Big Data and Research Ethics: Reflections on The Petrie-Flom Center’s Conference, “Big Data, Health Law, and Bioethics”

In May, members of PRIM&R’s staff attended The Petrie-Flom Center’s Conference, “Big Data, Health Law, and Bioethics” at Harvard Law School. Several of the panel presentations addressed what the move towards big data means for the research ethics community. To recap the event for those unable to attend, we begin with a summary of some of the privacy concerns about big data, and then highlight several panel presentations that explored what these concerns mean for human subjects and IRBs.

Catherine M. Hammack of the Program for Empirical Bioethics at Duke University’s School of Medicine presented the preliminary findings of their study looking at the attitudes of thought leaders about the risks and harms involved in precision medicine research. The Duke researchers developed a “hypothetical big data study” that was similar to the Precision Medicine Initiative, in that it involved whole genome sequencing, pulling information from electronic health records, and collecting data from mobile devices. They conducted 45 interviews, including with individuals in the human subjects protection field, in a living room environment so the subjects would not feel constrained by their regulatory and IRB experiences when analyzing the hypothetical study.

The interview subjects identified improving public health as being the key benefit of such a study. However, many were worried about the risks of reidentifying subjects from the study’s data. They were concerned that the hypothetical database might be hackedor that subjects might be reidentified through triangulation. For example, a subject might be re-identified if a third party had information such as a zip code and a medical device number from other data sources.

Ameet Sarpatwari of Harvard Medical School and Brigham and Women’s Hospital argued that de-identification concerns should be considered “in context.” He pointed out that data de-identified in accordance with the Health Insurance Portability and Accountability Act (HIPAA) is less susceptible to attacks and re-identification. (The HIPAA Privacy Rule’s Safe Harbor pathway considers Protected Health Information (PHI) to be de-identified once 18 identifiers are removed.) For example, the Department of Health and Human Services (DHHS) issued a challenge whereby they gave the public 15,000 records with HIPAA de-identified data, and only two people were re-identified (pdf).

Sarpatwari also discussed the benefits of reviewing big data for post-approval drug and device research. Pre-approval studies may exclude key populations such as children, women, and ethnic minorities. In addition, pre-approval studies may not reveal all the adverse events associated with a drug or device. However, if researchers can review big data after a drug or device has been approved and marketed, they may be able to see how a drug or a device works in the aforementioned populations or to detect rare but serious adverse events. One way researchers might review big health data is to link insurance claims with electronic medical records. Many of the owners of such data fall under HIPAA, meaning the de-identification standards would apply.

As discussed above, there is a very small risk that even HIPAA de-identified data may be re-identifiable. Thus, Sarpatwari suggested that we need to determine what risks of reidentification we are comfortable with, given the potential benefits of research with large data sets. Sarpatwari and his co-authors recommend that “experts should select a risk threshold proportional to potential harm of re-identification.” Experts should take into account if the data is of a more sensitive nature. Requiring data recipients to sign a data use agreements may be a potential safeguard against leaks of sensitive data if data recipients face legal liability for disclosure.
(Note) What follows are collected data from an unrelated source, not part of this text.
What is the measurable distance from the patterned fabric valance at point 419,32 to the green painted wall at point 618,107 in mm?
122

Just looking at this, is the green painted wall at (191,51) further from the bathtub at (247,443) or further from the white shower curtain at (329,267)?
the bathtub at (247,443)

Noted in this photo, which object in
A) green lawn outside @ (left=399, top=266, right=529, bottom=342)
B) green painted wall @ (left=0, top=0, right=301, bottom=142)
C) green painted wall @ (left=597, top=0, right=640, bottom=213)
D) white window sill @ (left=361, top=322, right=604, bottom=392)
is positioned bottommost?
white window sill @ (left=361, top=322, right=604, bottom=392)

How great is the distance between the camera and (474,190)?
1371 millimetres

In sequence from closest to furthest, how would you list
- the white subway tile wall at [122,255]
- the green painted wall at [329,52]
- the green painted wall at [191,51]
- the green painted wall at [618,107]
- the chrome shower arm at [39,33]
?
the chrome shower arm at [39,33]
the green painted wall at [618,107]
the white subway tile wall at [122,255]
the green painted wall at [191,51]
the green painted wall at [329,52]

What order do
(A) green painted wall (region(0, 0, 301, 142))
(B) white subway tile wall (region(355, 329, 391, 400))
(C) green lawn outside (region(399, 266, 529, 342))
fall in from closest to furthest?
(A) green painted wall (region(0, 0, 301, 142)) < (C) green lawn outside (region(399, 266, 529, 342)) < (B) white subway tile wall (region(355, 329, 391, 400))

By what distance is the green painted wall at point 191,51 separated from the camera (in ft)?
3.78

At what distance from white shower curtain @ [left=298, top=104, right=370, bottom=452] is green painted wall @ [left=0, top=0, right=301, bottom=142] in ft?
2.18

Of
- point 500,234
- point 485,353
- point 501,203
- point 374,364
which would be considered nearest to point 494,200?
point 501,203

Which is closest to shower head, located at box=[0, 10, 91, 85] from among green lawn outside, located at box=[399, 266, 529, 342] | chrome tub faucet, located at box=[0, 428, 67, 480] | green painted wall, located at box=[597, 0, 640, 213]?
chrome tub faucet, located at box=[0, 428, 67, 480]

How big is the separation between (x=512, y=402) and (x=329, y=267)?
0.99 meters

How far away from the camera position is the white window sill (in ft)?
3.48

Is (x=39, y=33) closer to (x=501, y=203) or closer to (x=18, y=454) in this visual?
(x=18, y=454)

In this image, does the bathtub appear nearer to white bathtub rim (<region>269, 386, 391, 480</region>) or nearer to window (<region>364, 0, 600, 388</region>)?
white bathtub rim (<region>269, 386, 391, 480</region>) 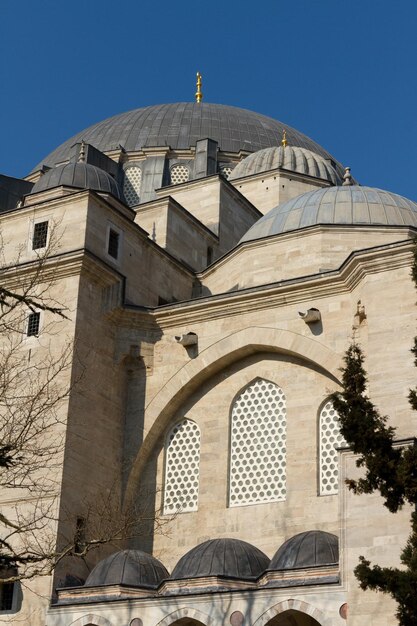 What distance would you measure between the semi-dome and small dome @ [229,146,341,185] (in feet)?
20.3

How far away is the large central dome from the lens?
3459cm

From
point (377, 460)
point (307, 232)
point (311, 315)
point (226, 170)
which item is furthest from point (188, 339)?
point (226, 170)

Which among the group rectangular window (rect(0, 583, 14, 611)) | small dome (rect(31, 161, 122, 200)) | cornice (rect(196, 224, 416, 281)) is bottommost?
rectangular window (rect(0, 583, 14, 611))

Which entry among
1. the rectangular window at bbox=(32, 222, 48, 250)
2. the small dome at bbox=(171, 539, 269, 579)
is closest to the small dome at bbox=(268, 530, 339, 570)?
the small dome at bbox=(171, 539, 269, 579)

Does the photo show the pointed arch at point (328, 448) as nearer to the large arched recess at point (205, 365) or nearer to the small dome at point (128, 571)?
the large arched recess at point (205, 365)

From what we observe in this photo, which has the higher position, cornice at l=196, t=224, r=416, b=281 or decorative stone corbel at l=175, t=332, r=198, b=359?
cornice at l=196, t=224, r=416, b=281

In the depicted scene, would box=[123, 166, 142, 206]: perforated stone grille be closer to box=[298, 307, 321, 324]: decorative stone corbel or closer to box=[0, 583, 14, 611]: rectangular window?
box=[298, 307, 321, 324]: decorative stone corbel

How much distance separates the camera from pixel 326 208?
23.0 metres

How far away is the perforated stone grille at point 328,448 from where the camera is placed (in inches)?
747

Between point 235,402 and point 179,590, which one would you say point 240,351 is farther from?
point 179,590

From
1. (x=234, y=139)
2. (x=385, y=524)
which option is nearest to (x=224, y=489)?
(x=385, y=524)

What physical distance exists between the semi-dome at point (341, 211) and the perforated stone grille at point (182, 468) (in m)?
4.79

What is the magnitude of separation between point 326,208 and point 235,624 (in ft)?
32.2

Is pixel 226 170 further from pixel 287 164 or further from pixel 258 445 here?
pixel 258 445
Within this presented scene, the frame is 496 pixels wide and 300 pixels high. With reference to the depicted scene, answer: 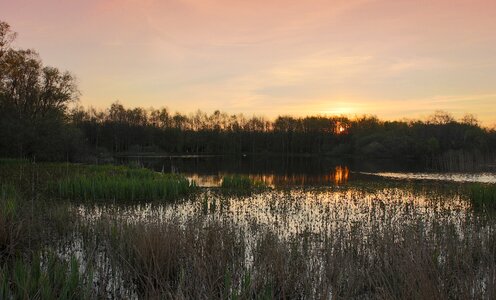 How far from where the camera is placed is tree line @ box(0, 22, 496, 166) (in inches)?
1447

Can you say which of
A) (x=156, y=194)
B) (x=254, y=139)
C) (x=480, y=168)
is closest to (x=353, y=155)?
(x=254, y=139)

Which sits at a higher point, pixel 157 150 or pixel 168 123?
pixel 168 123

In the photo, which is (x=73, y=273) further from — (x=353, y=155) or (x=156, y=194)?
(x=353, y=155)

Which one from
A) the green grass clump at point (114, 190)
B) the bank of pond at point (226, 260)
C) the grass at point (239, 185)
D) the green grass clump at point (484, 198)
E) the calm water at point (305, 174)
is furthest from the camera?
the calm water at point (305, 174)

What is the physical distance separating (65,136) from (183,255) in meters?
37.1

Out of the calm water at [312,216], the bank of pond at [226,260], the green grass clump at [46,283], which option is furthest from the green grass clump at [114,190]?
the green grass clump at [46,283]

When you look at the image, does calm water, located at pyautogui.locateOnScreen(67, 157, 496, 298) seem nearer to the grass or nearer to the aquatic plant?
the grass

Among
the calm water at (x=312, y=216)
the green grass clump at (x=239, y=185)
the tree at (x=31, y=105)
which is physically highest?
the tree at (x=31, y=105)

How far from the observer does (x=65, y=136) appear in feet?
130

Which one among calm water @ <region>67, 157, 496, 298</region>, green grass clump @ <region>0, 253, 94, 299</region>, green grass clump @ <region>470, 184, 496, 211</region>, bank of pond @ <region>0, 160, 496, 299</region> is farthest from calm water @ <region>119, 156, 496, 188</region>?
green grass clump @ <region>0, 253, 94, 299</region>

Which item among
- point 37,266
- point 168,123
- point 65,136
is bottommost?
point 37,266

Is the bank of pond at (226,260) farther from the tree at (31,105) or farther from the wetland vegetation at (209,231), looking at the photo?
the tree at (31,105)

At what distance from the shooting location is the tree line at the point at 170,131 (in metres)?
36.8

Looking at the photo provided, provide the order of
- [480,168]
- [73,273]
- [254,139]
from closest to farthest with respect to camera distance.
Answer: [73,273] < [480,168] < [254,139] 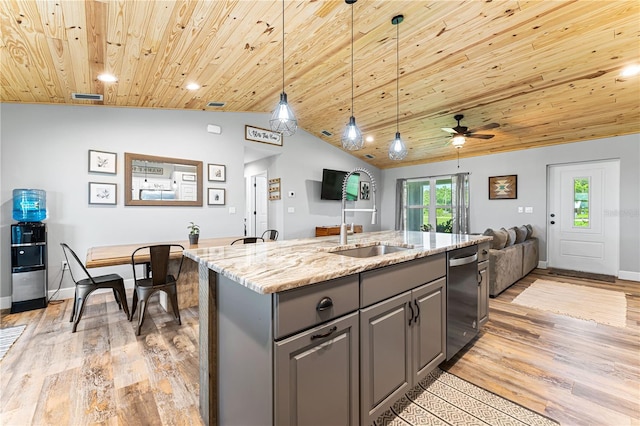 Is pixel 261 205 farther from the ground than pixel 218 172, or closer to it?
closer to it

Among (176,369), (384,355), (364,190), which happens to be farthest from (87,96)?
(364,190)

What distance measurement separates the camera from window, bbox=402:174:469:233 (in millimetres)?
6426

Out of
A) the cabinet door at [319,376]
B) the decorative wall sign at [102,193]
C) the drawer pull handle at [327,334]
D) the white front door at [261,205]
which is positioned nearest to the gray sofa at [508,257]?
the cabinet door at [319,376]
Laura Odwazny, a senior attorney for the Office of the General Counsel at DHHS (speaking on behalf of herself and not DHHS), pointed out that one “big data” concern for IRBs is privacy. She noted that most “big data” research is secondary research where the data is being used for a purpose other than for what it was collected. The Common Rule does not apply to secondary research if the private information is no longer individually identifiable. However, the increasing ability to triangulate different data sets and possibly re-identify a subject is of concern to IRBs. She noted that anecdotal evidence suggests IRBs struggle in assessing the risk of big data health research.

Odwazny also pointed out that the Common Rule’s minimal risk standard may allow IRBs to determine that big data health research presents “no more than minimal risk” and thus, may give IRBs the flexibility to determine that the informed consent requirement may be waived. Odwazny came to the conclusion that “an IRB may reasonably determine that big data health research presents no more than minimal risk to subjects under several conceptions of the daily life risks minimal risk standard.” However, she also made the recommendation that federal guidance in the area may provide additional clarity. Odwazny pointed out that the Secretary’s Advisory Committee on Human Research Protections (SACHRP) is also calling for more guidance for IRBs in their review of protocol that has big data.

To assist IRBs in their deliberations, SACHRP recommended that the Office for Human Research Protections clarify how the Common Rule’s minimal risk standard applies to big data research. SACHRP also recommended that any federal guidance should suggest that an IRB may conclude big data research presents only a minimal risk to privacy if “data privacy and security regulations” are followed.

In all, the day made clear that while research with big data is being done for important public health purposes, experts are still struggling with what level of risk subjects should be asked to absorb. To address these concerns the government may need to address how current federal regulations apply to big data research. IRBs reviewing protocols involving big data would certainly welcome the clarity.